Debugging and performance testing tools

  • gprcurl: curl like tool but for gPRC
  • grpcui: lightweight postman like tool for gPRC
  • hyperfine: a performance tool that can benchmarks over time
    • hyperfine can be used together with grpcurl to check the response time of a gPRC call

strace

strace(1) a gitaly process:

strace -fttTyyy -s 1024 -o /paht/filename -p $(pgrep -fd, gitaly)

Or wrap a process to make it easy to strace, especially if it then spawns more processes:

#!/bin/bash/sh
echo $(date)" $PPID $@" >> /tmp/gitlab-shell.txt
exec /opt/gitlab/embedded/service/gitlab-shell/bin/gitlab-shell-orig "$@"
# strace -fttTyyy -s 1024 -o /tmp/sshd_trace-$PPID /opt/gitlab/embedded/service/gitlab-shell/bin/gitlab-shell-orig

strace parser is useful to make the results more readable.

fast-stats

fast-stats is a useful tool developed by Support to quickly pull statistics from GitLab logs.

Examples

To find in one interval of 60m duration what the top methods called are from the gitaly logs.

fast-stats --interval 60m --limit 1 var/log/gitlab/gitaly/current

To find the top 10 User, Project, Client by Duration calling that method:

grep PostUploadPackWithSidechannel var/log/gitlab/gitaly/current | ~/bin/fast-stats --interval 60m top

git

Snoop on Gitaly Git commands.

  1. Stop Gitaly
  2. Rename gitaly-git process find /opt/gitlab/embedded/bin/gitaly-git-v* -exec mv {} {}_orig \;
  3. Create wrapper script for each git version.

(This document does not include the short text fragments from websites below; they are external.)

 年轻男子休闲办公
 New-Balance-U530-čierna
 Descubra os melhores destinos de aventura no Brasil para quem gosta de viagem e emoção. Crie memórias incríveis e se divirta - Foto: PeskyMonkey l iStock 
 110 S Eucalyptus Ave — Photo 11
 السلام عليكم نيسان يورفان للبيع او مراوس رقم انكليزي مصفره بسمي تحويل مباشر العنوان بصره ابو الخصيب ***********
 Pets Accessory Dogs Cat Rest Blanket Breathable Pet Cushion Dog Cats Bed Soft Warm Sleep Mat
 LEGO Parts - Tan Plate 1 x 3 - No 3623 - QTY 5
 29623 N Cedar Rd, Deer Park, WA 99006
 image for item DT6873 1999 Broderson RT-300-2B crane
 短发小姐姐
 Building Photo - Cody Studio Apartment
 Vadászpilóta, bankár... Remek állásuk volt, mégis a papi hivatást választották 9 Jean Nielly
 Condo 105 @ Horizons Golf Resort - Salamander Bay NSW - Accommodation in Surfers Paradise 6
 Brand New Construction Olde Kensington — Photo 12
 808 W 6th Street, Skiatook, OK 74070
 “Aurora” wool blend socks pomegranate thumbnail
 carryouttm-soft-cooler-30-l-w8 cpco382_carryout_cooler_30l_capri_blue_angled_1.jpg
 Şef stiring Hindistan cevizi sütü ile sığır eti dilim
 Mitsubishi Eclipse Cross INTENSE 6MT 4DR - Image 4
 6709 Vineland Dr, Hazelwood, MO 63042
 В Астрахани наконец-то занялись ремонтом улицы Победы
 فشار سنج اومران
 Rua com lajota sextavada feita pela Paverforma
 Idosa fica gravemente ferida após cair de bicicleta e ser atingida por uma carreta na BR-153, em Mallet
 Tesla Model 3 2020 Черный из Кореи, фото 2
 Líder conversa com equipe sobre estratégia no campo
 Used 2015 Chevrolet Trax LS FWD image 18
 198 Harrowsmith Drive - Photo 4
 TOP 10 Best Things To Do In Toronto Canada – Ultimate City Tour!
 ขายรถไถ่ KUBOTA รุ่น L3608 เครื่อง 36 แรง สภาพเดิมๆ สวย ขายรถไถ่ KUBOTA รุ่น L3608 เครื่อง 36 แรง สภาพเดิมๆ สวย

Make sure you replace opt/gitlab/embedded/bin/gitaly-git-vX.XX_orig on the scrip with the right version.
#!/bin/bash
GIT="/opt/gitlab/embedded/bin/gitaly-git-vX.XX_orig"
FILE="/tmp/gitaly-$(date +%Y-%m-%d@%H:%M)"
echo -e "\n$(date) $PPID $@\n" >> $FILE
exec $GIT "$@" | tee -a $FILE
echo -e "\n--------------\n" >> $FILE
  1. Make scripts executable find /opt/gitlab/embedded/bin/gitaly-git-v* -exec chmod 777 {} \;
  2. Start Gitaly

Log analysis

Kibana (Elastic) Dashboards

CPU and memory profiling

pprof metrics are exported to the GCP Cloud Profiler.

Note that Gitaly nodes are distributed across a number of GCP projects. You can use the project dropdown on the top nav bar to switch between the various gitlab-gitaly-gstg-* and gitlab-gitaly-gprd-* projects.

Capacity management

Gitaly team is responsible for maintaining reasonable serving capacity for gitlab.com.

We get alerts from Tamland if capacity runs low, see this issue comment.

Capacity planning documentation explains how this works in general.